*** Data to use

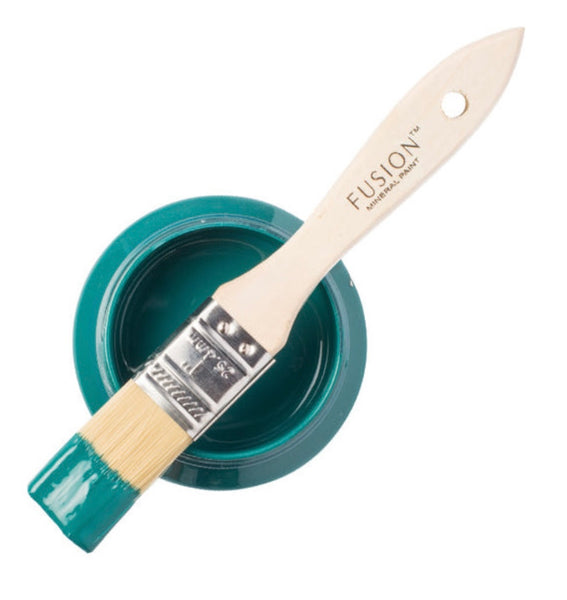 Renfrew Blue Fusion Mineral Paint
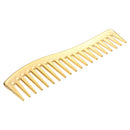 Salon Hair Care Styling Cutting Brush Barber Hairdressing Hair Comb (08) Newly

******
*** Data to use

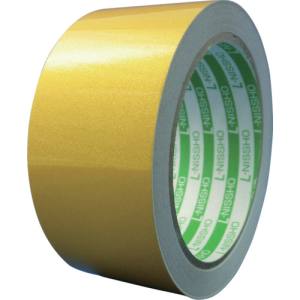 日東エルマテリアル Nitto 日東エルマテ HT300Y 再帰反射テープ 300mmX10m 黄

******

Only one part of the material above is wanted: the lines from the one with "Renfrew Blue Fusion Mineral Paint" up to and including the one with "Salon Hair Care". Please copy them exactly, pictures left out.

• _Response to this exercise_
 Renfrew Blue Fusion Mineral Paint
 Salon Hair Care Styling Cutting Brush Barber Hairdressing Hair Comb (08) Newly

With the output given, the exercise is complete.